Baffa Babba Danagundi, popularly known as Baffanyo, a Nigerian politician, former Majority Leader in the Kano State House of Assembly

== Early life and education ==
Baffa was born in Kofar Danagundi quarters of Kano Municipal in the year 1973 he is from the family of late Babba Danagundi one of the Kingmakers of Kano Emirate Council with the traditional title Sarkin Dawaki Mai Tuta and great grandson to Jamo of the Sullubawa Fulani Clan

Baffa attended Gidan Makama Special Primary School between 1981 and 1986, he also attended Government Technical College, Wudil between 1986 and 1989, and Unity College, Karaye between 1989 and 1992. Baffa obtained his National Diploma and Higher National Diploma from Kano State Polytechnic. He Obtained MBA from Bayero University Kano

==Career==
Baffa started his career as an Assistant Clerical Officer up to Principal Registrar in Kano State High Court of Justice where he voluntary resigned and joined politics

== Politics ==
Baffa Was the Acting Chairman of Kano Municipal who was appointed by former Governor of Kano State Malam Ibrahim Shekarau in 2007, Baffa was also Senior Special Assistant to former Governor of Kano State Rabiu Kwankwaso between 2012 and 2014.

Baffa was elected Member of Kano State House of Assembly on the platform of All Progressives Congress (APC) in 2015 Nigerian general election he defeated the incumbent Member Salisu Maje Ahmad Gwangwazo of Peoples Democratic Party (PDP). Baffa was elected the Majority leader in 2018 after the impeachment of the former speaker of the House Yusuf Abdullahi Ata and the Majority Leader Muhammad Bello Butu Butu
Baffa Chaired so many committee in the house of assembly which include the investigation committee on the controversial Video Clip showing a Kano State Governor, Abdullahi Umar Ganduje receiving $5 million bribe in October 2018 which was published by Jaafar Jaafar on his online publication company Daily Nigerian.
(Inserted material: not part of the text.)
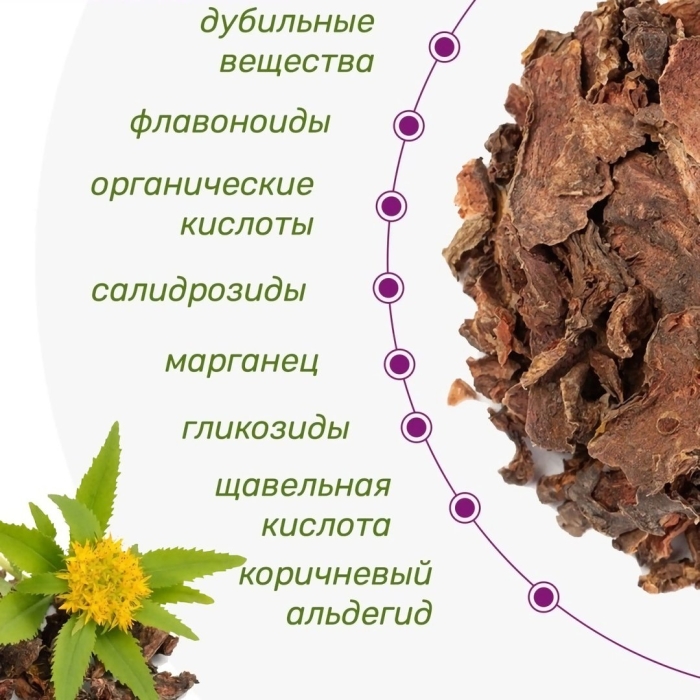 Золотой корень алтайский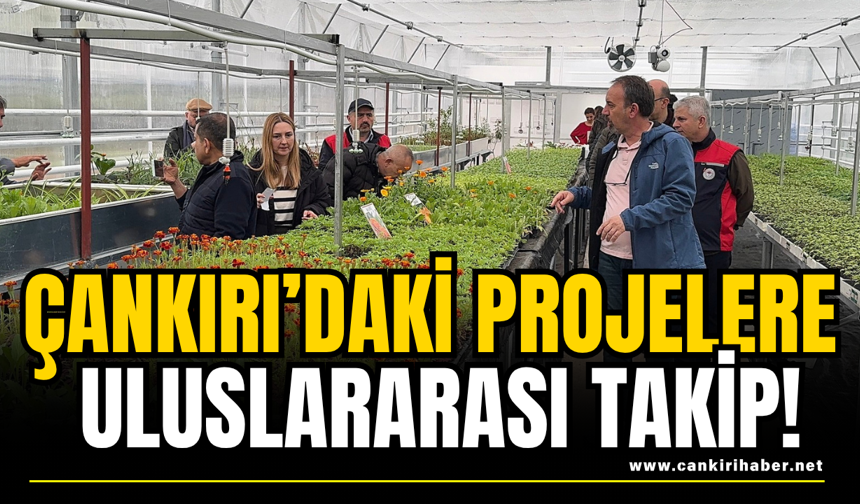 Çankırı’daki Projelere Uluslararası Takip!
Baffa was also the Vice chairman of Committee set to investigating former Emir of Kano Sanusi Lamido Sanusi on eight-count charges of allegation/defamation of character, breach of oath of office/oath of allegiance, abuse of office privileges and protocol and political and religious interference. He also contested in 2019 Nigerian General Election where he lost to the parson he defeated in 2015 Salisu Maje Ahmad Gwangwazo of Peoples Democratic Party (PDP).
Baffa was appointed the Managing Director of Kano Road Traffic Agency (KAROTA), by Kano State Governor Abdullahi Umar Ganduje after he lost in the 2019 Nigerian General Election In July 2024, President Bola Ahmed Tinubu appointed Baffa Babba Danagundi as the new Director-General of the National Productivity Centre (NPC). A month later Concerned Kano Citizens, a civil liberty organization, accused DanAgundi of leading a group of people who violently disrupted an otherwise peaceful protest.